In collaborazione con il Goethe institut di Roma, il Palazzo delle esposizioni presenta un insieme di lavori di Gunther Uecker, un artista molto noto in Germania e praticamente sconosciuto in Italia. In contemporanea, al Goethe Institut in Via Savoia, Uecker espone una serie di incisioni raccolte sotto il titolo "Pietre Romane".

Le opere in mostra al Palazzo delle esposizioni sono state tutte realizzate tra l'autunno 1992 e la primavera 1993. L'uomo lacerato a cui si allude nel titolo è l'artista stesso che attraverso l'esposizione di quattordici oggetti (o attrezzi come preferisce chiamarli), offre un autoritratto spietato di sè e dell'intera umanità. Le lacerazioni, le ferite che Uecker vede in se stesso sono le lacerazioni della realtà tedesca contemporanea sempre più xenofoba, intollerante e ancora oppressa da un pesante passato.

Gli oggetti esposti sono caricati di un immediato valore simbolico: sono tutti irti di spine, superfici scabrose di sassi appuntiti e fitte di lunghi chiodi rugginosi.
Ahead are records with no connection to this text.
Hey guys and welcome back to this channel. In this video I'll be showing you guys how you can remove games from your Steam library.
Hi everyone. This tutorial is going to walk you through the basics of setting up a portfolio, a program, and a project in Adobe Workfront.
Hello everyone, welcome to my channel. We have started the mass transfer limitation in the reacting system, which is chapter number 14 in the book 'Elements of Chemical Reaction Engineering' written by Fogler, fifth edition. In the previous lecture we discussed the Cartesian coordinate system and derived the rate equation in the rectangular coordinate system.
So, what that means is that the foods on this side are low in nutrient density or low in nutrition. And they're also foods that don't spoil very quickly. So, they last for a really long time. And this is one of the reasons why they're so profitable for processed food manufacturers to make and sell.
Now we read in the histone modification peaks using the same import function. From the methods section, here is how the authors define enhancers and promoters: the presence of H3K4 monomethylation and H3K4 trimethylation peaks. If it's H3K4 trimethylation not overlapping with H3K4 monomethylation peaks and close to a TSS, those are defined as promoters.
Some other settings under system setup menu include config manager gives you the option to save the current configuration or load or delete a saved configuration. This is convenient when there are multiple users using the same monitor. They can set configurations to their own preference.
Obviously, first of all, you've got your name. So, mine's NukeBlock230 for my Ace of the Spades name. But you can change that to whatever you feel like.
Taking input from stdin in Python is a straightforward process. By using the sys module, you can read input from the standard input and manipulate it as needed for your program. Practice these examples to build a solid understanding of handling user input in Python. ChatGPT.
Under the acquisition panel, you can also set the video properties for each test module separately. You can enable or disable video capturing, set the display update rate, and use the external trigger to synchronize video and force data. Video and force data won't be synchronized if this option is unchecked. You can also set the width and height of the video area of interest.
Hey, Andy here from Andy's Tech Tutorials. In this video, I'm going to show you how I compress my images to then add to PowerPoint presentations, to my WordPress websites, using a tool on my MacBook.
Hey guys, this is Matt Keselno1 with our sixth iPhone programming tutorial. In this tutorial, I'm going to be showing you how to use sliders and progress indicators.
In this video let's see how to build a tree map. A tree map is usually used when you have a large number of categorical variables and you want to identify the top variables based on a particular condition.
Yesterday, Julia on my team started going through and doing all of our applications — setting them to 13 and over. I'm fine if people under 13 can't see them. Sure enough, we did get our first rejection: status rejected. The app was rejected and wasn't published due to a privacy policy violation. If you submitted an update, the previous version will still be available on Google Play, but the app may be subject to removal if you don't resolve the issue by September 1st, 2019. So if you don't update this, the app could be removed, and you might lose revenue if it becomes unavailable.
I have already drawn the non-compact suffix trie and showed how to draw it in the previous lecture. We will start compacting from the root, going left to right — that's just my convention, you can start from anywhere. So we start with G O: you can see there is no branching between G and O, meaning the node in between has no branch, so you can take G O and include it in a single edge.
Oggetti a metà strada tra idoli primitivi e strumenti di tortura sul cui funzionamento la mente si interroga non senza morbosità. Ci sono pali di legno accuminati che formano gabbie a grandezza d'uomo, pannelli appesi alla parete da cui sporgono minacciosamente pietre e chiodi ritorti.

Accanto a queste paurose vergini di Norimberga sono esposti anche una quarantina di fogli in gradevoli cornici di legno chiaro, fogli che recano scritte in tedesco e in italiano, parole di sofferenza e di penitenza spesso estrapolate dalla bibbia. Parole e oggetti, fotografie e schizzi di colore, video-tapes e gabbie di legno. Forse è proprio qui che la forza della mostra si fiacca. Ad un titolo pieno di Pathos corrisponde una mostra in cui la tensione si perde in innumerevoli rivoli, tanti quanti sono i media che l'artista tedesco cambia senza soluzione di continuità. Si va dai pannelli parietali in cui parla la materia, la crudezza della pietra e la ruggine del ferro alla "freddezza" concettuale delle parole bilngui. Da ancestrali strumenti di supplizio barbarici a piccole installazioni video che ricordano un Nam June Paik in bella copia. Uecker è senza dubbio un artista aggiornato e impegnato; la mostra, a mio avviso, mancando di omogeneità ha finito per frammentare e indebolire un messaggio che avrebbe dovuto essere forte e chiaro.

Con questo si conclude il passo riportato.